*Crawled caption data*
---------------
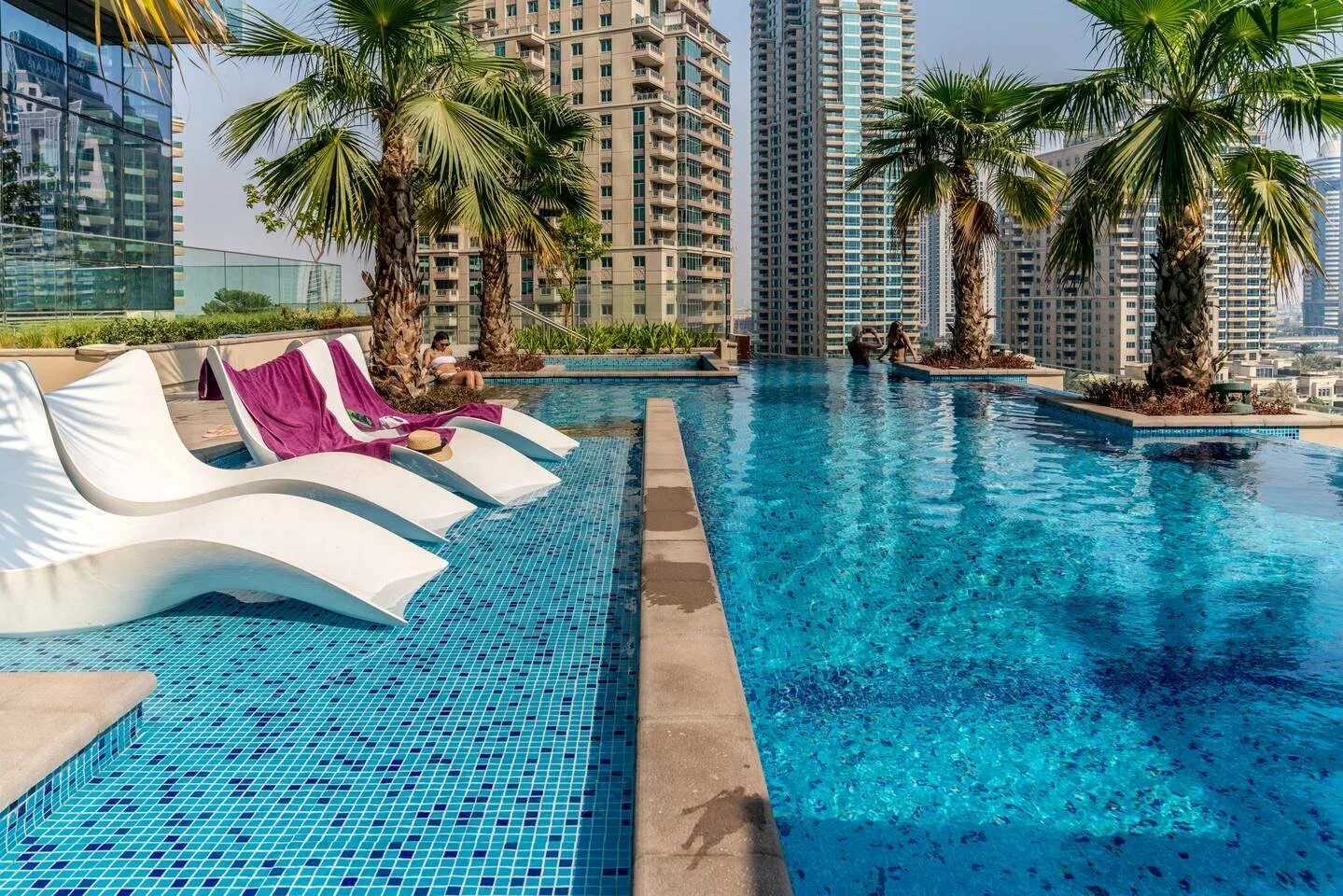 Stella marina dubai hotel. Stella di mare какие номера. Bice mare в дубае. Mare marina. Marine mare.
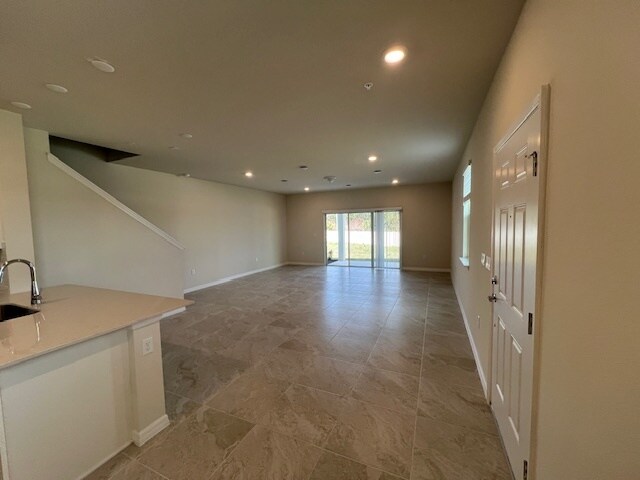 Foto del edificio - 3038 Emerald Acrs Ln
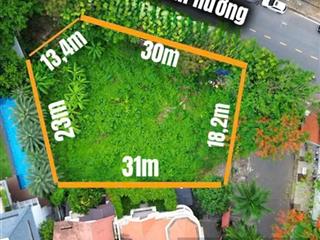 Ban lô đất góc 2 mặt tiền đường nguyễn văn hưởng, q2  dt 3 sổ là  887,3m2( 30x31). giá  290tr/m2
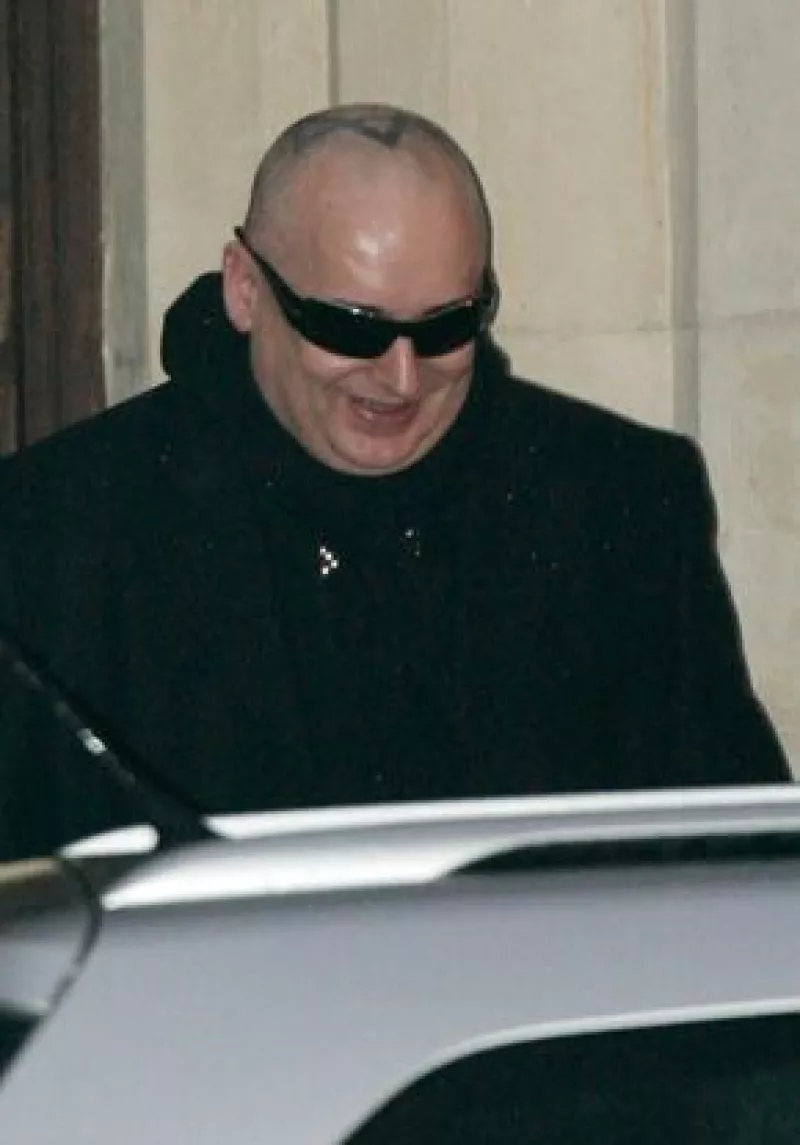 El cantante es acusado de privar de la libertad a un hombre y de golpearlo.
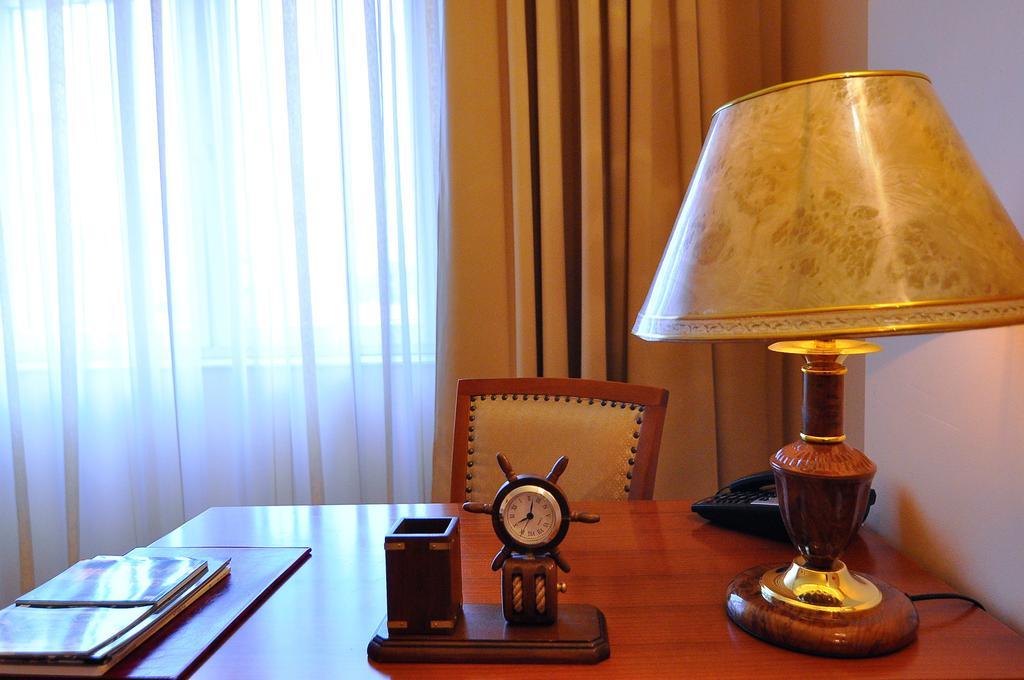 Hotel Maxim ออราแด ภายนอก รูปภาพ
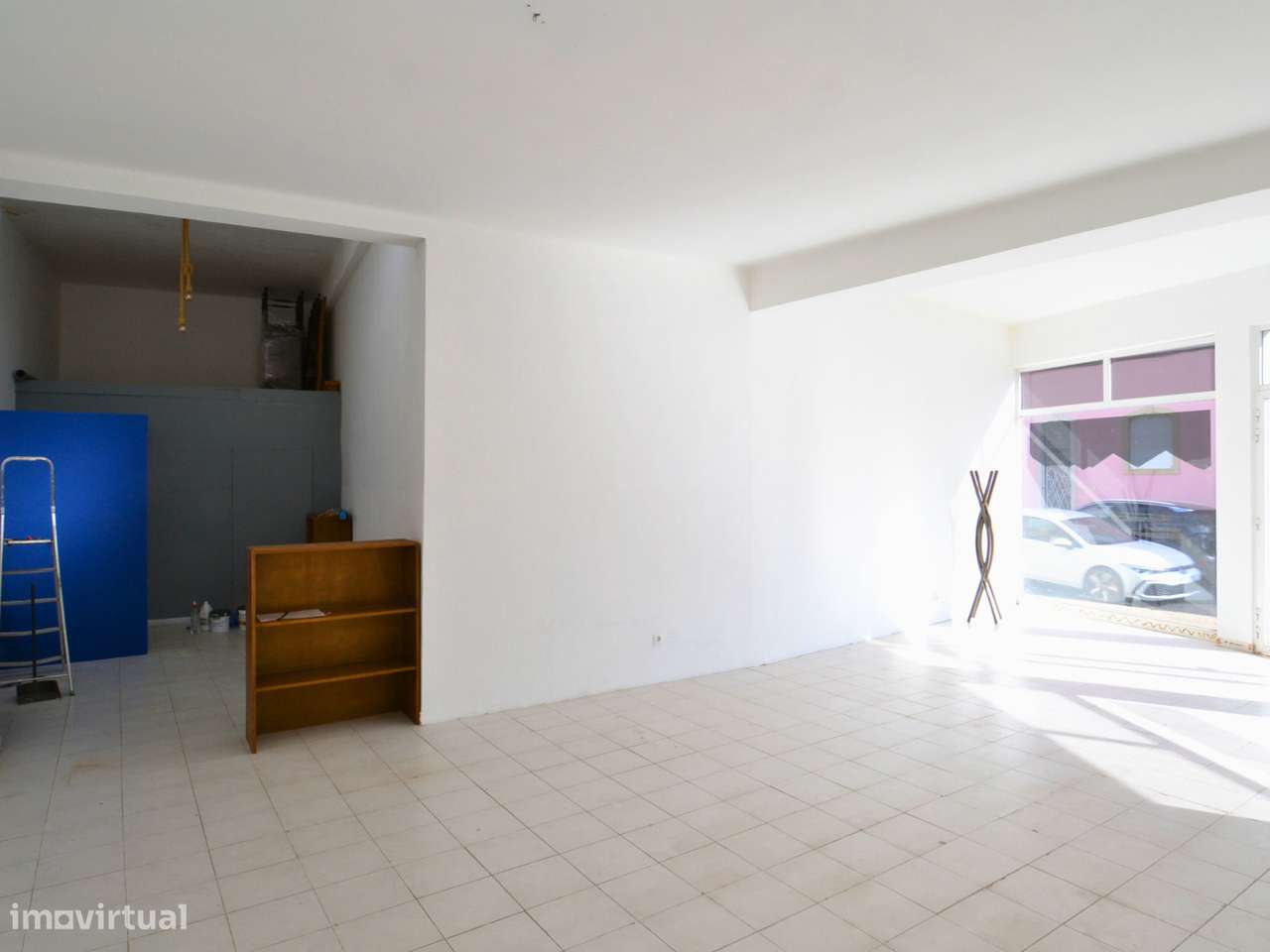 Duas lojas em Almeirim - Grande imagem: 5/13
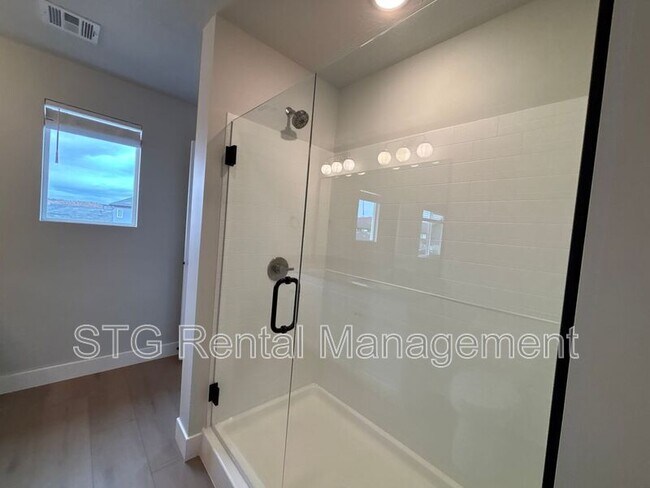 Building Photo - 3963 Fossil Way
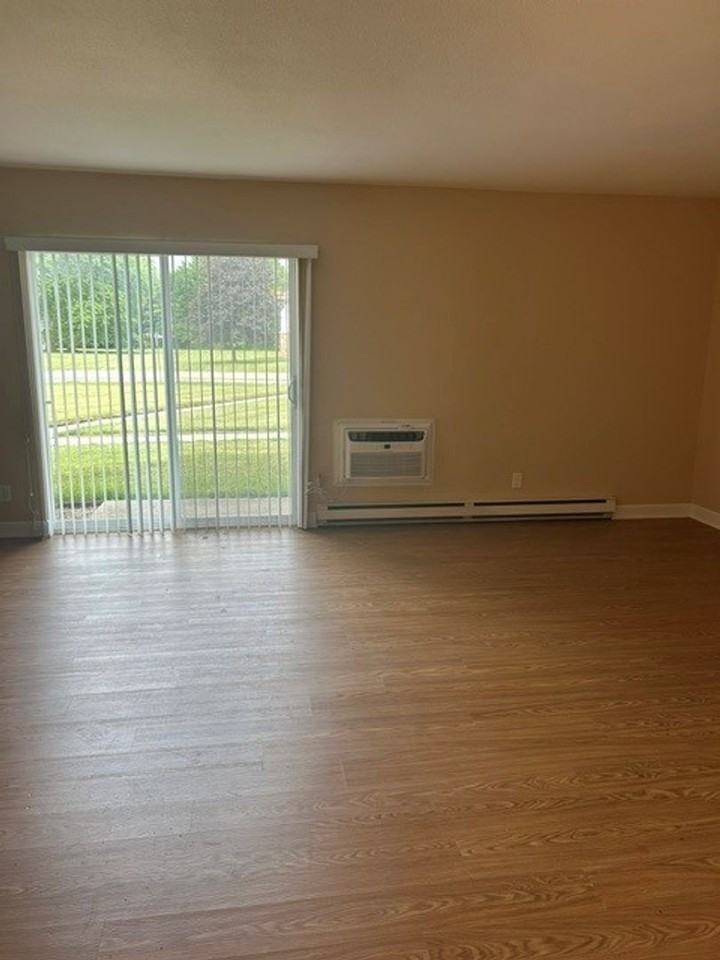 Somers Apartments - Photo 5 of 24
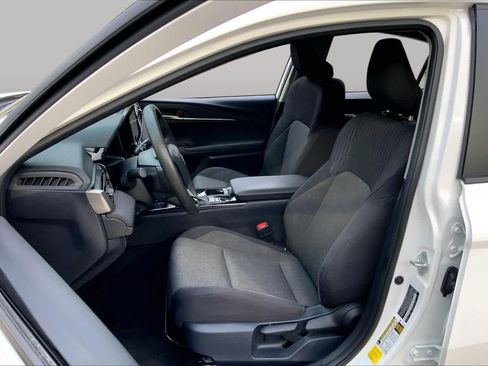 Used 2025 Toyota Camry LE FWD image 8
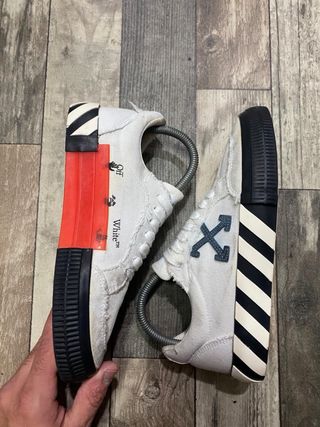 Off-White Scarpe Sneakers Bianche Nere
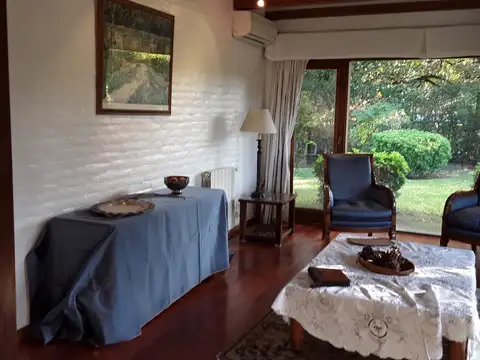 Casa en Alquiler de 4 dormitorios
---------------
*WORK ITEM*
Repeat all the data as it stands, dropping any images it holds.

*RESULT*
 Stella marina dubai hotel. Stella di mare какие номера. Bice mare в дубае. Mare marina. Marine mare.
 Foto del edificio - 3038 Emerald Acrs Ln
 Ban lô đất góc 2 mặt tiền đường nguyễn văn hưởng, q2  dt 3 sổ là  887,3m2( 30x31). giá  290tr/m2
 El cantante es acusado de privar de la libertad a un hombre y de golpearlo.
 Hotel Maxim ออราแด ภายนอก รูปภาพ
 Duas lojas em Almeirim - Grande imagem: 5/13
 Building Photo - 3963 Fossil Way
 Somers Apartments - Photo 5 of 24
 Used 2025 Toyota Camry LE FWD image 8
 Off-White Scarpe Sneakers Bianche Nere
 Casa en Alquiler de 4 dormitorios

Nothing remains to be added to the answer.